Po co to wszystko piszę? Sam się zastanawiam. Coś się zmieni? Nic się nie zmieni. To po cóż pisać? To wyraz opadających rąk, spuszczonych głów, zanikającej empatii. To wyraz poszukiwania sensu, w świecie, który absolutnie bez sensu stwarzamy na swój obraz i swoje podobieństwo. Na szyderstwo z samych siebie. Na gwóźdź do trumny człowieka w świecie tylko dla człowieka.

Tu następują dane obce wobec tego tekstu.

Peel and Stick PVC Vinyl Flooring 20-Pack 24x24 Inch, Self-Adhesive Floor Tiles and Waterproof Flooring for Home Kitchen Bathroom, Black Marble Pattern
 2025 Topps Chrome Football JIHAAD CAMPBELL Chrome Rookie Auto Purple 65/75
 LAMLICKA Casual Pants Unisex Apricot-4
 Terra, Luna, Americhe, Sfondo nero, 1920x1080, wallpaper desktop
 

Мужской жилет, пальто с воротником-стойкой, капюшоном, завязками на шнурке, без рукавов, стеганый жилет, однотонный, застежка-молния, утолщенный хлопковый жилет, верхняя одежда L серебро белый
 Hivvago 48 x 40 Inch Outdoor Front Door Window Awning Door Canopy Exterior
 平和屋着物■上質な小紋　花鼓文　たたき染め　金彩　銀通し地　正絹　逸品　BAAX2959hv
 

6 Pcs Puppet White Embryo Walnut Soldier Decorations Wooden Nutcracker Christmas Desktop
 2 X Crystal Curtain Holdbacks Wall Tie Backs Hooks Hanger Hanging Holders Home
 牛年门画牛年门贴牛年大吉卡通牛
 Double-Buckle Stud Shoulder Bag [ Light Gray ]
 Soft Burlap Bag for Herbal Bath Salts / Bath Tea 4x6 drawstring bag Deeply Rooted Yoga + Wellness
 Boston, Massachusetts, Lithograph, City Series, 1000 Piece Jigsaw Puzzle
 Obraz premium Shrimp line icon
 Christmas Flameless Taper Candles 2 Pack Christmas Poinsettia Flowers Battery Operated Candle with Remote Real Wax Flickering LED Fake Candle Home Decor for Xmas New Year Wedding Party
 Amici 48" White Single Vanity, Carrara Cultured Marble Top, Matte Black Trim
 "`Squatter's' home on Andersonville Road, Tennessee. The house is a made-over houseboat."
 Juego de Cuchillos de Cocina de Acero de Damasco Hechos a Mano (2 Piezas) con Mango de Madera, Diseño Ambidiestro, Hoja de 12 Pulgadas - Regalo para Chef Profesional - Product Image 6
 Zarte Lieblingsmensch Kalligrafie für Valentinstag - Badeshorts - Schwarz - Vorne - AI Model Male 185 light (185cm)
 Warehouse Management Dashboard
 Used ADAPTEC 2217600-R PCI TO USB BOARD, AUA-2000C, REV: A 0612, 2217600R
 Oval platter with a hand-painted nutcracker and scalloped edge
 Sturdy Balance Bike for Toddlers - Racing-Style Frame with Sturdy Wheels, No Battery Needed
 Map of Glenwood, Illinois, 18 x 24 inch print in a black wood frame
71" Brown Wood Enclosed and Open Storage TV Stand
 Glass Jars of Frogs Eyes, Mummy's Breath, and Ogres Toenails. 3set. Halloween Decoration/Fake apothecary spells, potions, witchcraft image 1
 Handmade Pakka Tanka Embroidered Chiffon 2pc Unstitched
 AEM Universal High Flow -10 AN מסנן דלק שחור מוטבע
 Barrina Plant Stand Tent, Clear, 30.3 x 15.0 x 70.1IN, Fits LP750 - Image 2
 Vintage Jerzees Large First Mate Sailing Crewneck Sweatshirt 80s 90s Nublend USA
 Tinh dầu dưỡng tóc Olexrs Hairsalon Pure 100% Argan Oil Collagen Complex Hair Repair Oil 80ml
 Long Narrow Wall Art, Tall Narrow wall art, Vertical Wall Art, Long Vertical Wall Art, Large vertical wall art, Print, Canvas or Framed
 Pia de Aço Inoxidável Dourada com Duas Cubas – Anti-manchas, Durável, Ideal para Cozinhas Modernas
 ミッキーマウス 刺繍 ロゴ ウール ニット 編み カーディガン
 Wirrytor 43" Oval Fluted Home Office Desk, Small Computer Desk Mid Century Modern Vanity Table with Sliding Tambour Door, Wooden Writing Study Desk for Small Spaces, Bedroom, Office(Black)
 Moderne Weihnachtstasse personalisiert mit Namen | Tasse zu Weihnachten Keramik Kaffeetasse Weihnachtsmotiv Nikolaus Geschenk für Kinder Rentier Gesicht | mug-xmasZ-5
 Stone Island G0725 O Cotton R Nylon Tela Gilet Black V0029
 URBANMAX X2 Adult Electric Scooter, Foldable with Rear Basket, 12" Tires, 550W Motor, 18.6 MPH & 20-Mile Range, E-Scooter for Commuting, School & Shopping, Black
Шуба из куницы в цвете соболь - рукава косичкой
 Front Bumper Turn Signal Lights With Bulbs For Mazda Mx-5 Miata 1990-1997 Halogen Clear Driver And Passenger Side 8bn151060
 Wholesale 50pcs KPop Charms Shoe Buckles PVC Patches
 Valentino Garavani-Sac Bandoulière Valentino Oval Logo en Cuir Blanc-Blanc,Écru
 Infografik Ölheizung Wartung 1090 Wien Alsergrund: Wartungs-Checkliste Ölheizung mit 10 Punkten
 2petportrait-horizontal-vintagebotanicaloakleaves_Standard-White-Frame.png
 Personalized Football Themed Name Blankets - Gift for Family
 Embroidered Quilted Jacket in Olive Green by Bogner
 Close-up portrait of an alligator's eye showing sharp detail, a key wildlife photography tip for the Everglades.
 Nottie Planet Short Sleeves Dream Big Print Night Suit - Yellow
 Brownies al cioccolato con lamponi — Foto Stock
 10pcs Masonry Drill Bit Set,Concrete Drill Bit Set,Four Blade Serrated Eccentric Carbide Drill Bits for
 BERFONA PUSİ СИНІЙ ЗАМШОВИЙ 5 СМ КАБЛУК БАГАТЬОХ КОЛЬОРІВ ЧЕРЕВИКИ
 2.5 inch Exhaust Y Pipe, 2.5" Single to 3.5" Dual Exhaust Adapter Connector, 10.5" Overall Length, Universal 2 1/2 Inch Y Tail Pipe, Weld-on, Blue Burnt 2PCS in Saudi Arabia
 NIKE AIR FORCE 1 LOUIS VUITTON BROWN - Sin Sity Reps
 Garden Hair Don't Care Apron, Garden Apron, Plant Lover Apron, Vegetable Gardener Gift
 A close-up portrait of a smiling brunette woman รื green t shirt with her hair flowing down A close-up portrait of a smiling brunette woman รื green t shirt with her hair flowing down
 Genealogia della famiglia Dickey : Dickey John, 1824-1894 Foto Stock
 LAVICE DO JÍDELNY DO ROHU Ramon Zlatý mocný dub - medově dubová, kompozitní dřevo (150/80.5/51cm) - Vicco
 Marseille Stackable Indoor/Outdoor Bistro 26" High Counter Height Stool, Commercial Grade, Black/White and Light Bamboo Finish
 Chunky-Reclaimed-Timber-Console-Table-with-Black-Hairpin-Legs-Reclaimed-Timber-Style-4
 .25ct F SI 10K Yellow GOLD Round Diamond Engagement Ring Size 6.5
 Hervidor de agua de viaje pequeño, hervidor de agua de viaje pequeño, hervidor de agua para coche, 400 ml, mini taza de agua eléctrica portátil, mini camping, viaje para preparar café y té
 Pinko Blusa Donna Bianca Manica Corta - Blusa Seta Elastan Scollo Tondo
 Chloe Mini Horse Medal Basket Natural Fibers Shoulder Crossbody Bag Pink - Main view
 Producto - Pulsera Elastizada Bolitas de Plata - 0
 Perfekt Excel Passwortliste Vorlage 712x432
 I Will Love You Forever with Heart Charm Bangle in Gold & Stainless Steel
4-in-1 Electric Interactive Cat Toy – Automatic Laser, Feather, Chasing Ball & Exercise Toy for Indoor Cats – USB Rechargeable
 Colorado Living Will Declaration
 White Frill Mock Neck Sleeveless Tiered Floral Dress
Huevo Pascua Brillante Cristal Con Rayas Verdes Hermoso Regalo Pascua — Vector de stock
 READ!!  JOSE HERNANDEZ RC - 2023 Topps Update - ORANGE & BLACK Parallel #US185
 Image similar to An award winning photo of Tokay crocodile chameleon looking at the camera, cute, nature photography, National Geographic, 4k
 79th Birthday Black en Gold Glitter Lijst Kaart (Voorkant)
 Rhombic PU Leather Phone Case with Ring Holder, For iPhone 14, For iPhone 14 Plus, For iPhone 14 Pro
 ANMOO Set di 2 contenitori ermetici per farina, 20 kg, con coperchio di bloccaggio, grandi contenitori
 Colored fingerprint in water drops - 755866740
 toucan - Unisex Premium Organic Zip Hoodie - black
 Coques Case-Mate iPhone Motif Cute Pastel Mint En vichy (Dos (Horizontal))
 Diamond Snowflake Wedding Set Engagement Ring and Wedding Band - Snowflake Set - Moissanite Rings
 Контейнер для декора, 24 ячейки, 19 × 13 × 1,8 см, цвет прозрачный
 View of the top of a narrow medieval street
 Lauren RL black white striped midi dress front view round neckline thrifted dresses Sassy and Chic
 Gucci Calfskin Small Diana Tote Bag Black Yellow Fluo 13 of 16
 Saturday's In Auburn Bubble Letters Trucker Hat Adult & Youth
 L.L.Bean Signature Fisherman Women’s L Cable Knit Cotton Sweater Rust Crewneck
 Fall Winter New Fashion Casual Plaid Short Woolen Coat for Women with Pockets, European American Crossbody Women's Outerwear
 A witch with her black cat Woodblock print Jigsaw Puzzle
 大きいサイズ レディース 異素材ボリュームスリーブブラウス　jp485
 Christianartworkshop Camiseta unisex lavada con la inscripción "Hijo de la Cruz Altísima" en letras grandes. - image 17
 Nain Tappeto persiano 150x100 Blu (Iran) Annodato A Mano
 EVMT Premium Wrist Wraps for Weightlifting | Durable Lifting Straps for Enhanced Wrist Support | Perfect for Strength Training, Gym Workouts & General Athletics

Histeria obojętności oraz tkanek obumarłych, choć żyją. Trwają tylko pozornie. Choroba popromienna upadłych autorytetów, które odeszły, schowały się i nie powiedzą nam już nic. I nic nie usłyszymy, gdyż straciliśmy słuch, ale i zanikają nam węch i wzrok. Stępiamy instynkt. Dopadła nas alergia na samych siebie. Odczulenie z martwych uczuć jest jednak niemożliwe. Ci, którzy pod „autorytety” się z kolei podszywają nie mają w sobie elementarnego poczucia odpowiedzialności za przyszłe pokolenia, za wzorce, którymi emanują, za twarz, którą nam i tym wszystkim młodych pokazują. I nawet zapomnieliśmy kiedy nastąpił Wielki Wybuch, i czy w ogóle wystąpił. Choroba popromienna toczy nas jednak w najlepsze, pochłaniając każdą cząstkę tego dobra, które w nas jeszcze pozostało.